At its heart, I think I understand what she was trying to say – that there is no cookie cutter solution for the trials and travails of the working parent. If you think a “10 Easy Tips to Wrangle Your Kids” list is going to solve your struggles, more power to you.

But in accusing mothers who write for a living of being “profoundly disconnected from its real trials and tribulations,” she betrays her own lack of understanding of the life of a journalist.

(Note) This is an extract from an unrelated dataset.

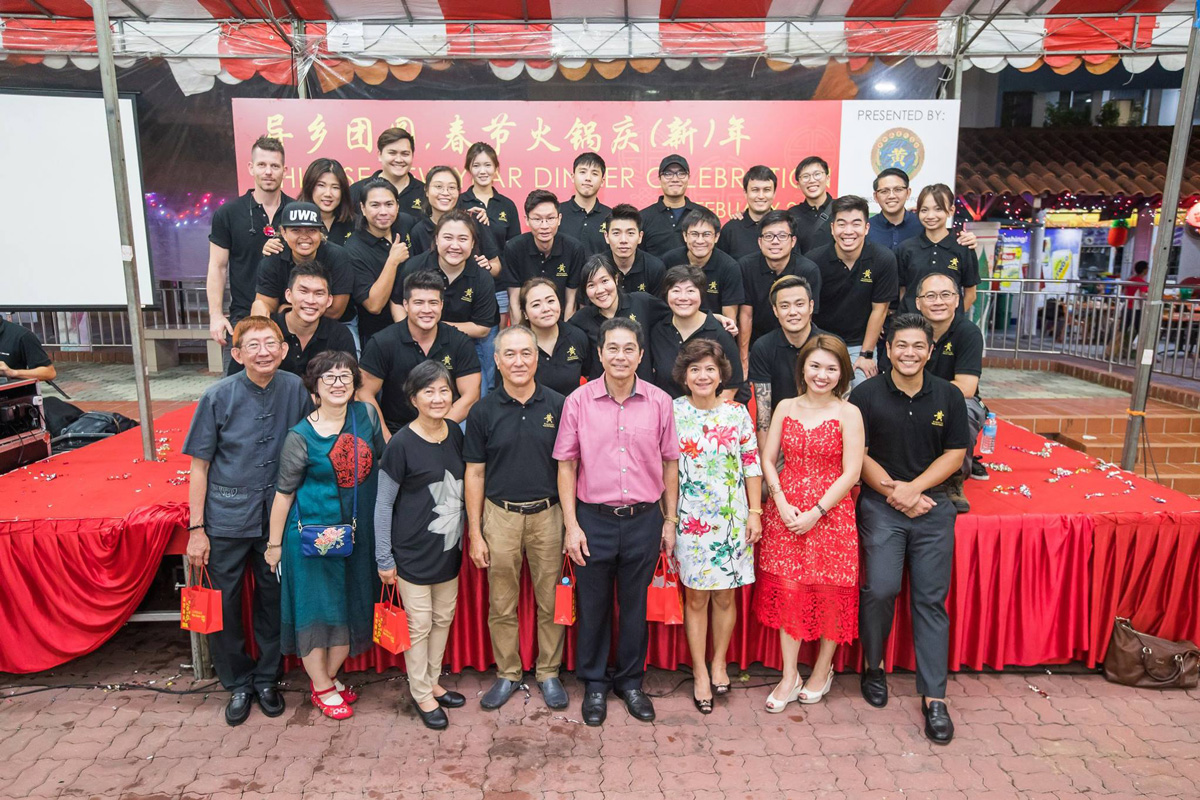 Huang clan members gather for a group photo at an outdoors event.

We work, generally far above the forty-hour work week – and not all of us from home. In fact, a fair number of journalists work out of an office, rather than as freelancers. I consider myself lucky that I spend a few days working from home, but it’s somewhat of a misnomer – working from home often means packing my daughter in her carseat and heading off with her to do an interview in the middle of a barn with a farmer concerned about milk prices, keeping one eye fixed on her at all times to make sure she doesn’t end up UNDER a cow. It means leaving my daughter with my husband at 6 p.m. to head to a five-hour-long town board meeting where I’ll listen to politicians sniping at each other about a whole lot of nothing instead of enjoying books before bedtime.

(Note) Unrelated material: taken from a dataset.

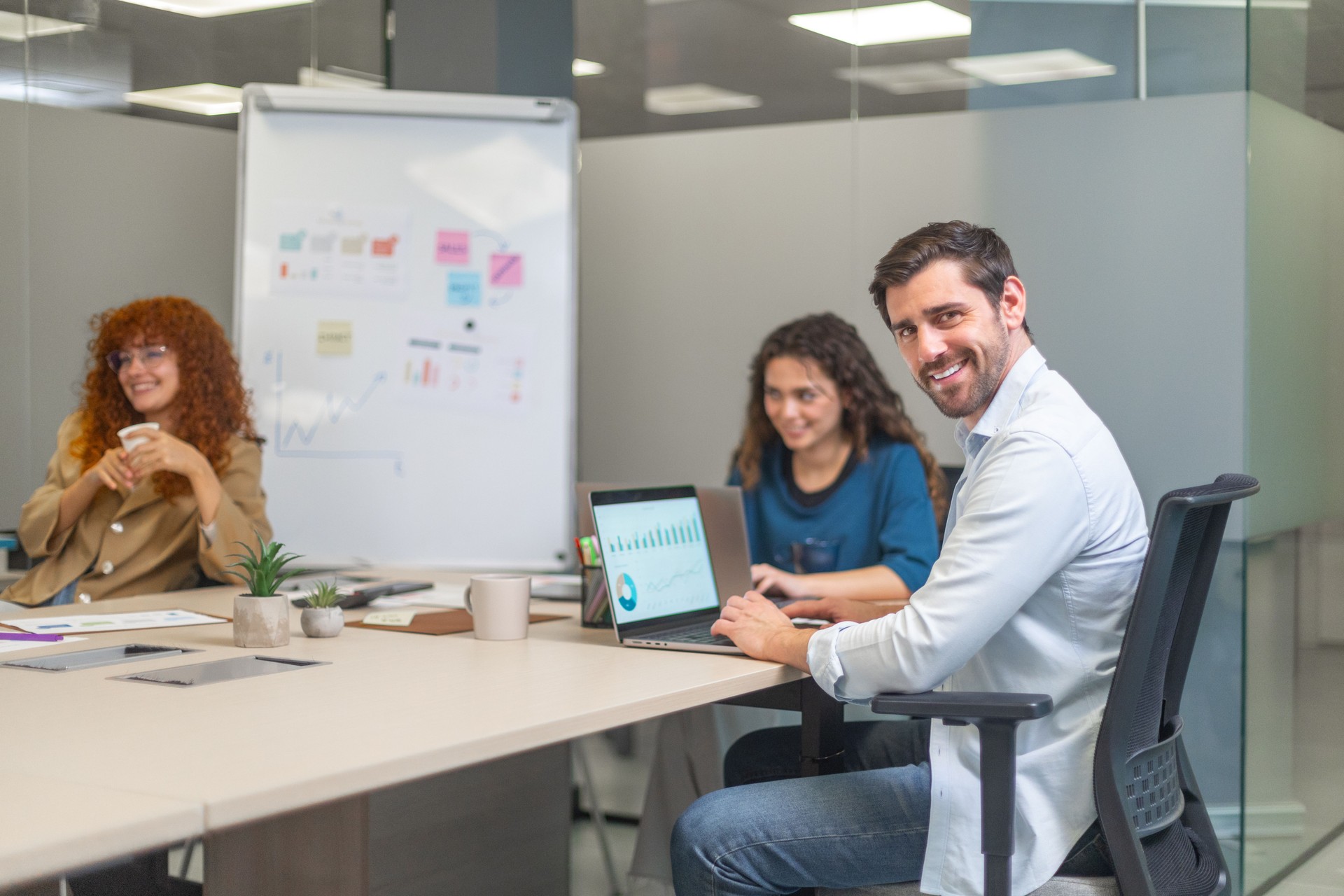 Marketing professionals working on laptops in modern office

I know what it’s like to juggle the sitter’s schedule with my own, to go rushing around to find someone to watch my daughter on a random Monday when my daycare provider has a doctor’s appointment. I know what it’s like to call my boss and say, I’m sorry, I can’t go report on that fire right now because I don’t have daycare, and to hear him sigh and know that I just lost favour that the non-parent reporters automatically curry.

I also know what it’s like to try to work from home, to sit at a computer and try to write a story about parenting while my daughter screams from the bathroom or shoves a cup of juice in my face and asks
for more. I know what it’s like to be this close to missing a deadline and have to go clean up a water spill across the kitchen floor. I chose this, I know, but that doesn’t make it any easier. And for those who would say, well, hire a sitter on those days, I counter – where will I get the money?

Because as a writer mum, I also know what it’s like to struggle to make ends meet. Newspapers are closing. The paper where I work has cut staff, and that’s meant more pressure on the rest of us to produce, produce, produce. But where do I find the time? Where do I find the supplemental income when one of the magazines I write for shuts down, when the new editor decides she doesn’t like my style as much as the old editor?

No, I don’t know what it’s like to be a factory laborer, Mama Bee. I don’t know what it’s like to have regular hours, when I can punch in, punch out. News doesn’t happen nine to five – and daycares don’t take kindly to you showing up at 7 because a late breaking story kept you in
the newsroom. I don’t know what it’s like to be a corporate drone either, Mama Bee, to know exactly how much my paycheck will be week in and week out, to know I can make the mortgage and the phone bill.

But I do know how to write their stories. And that’s how they end up in the newspaper, on the Web, in magazines. Because the lady working at H&R Block might be a whizz-bang at my taxes (while I can’t make heads or tails of a tax form), but she can’t write a news story.

So I write, Mama Bee, because that’s my job. Which makes me a working mother.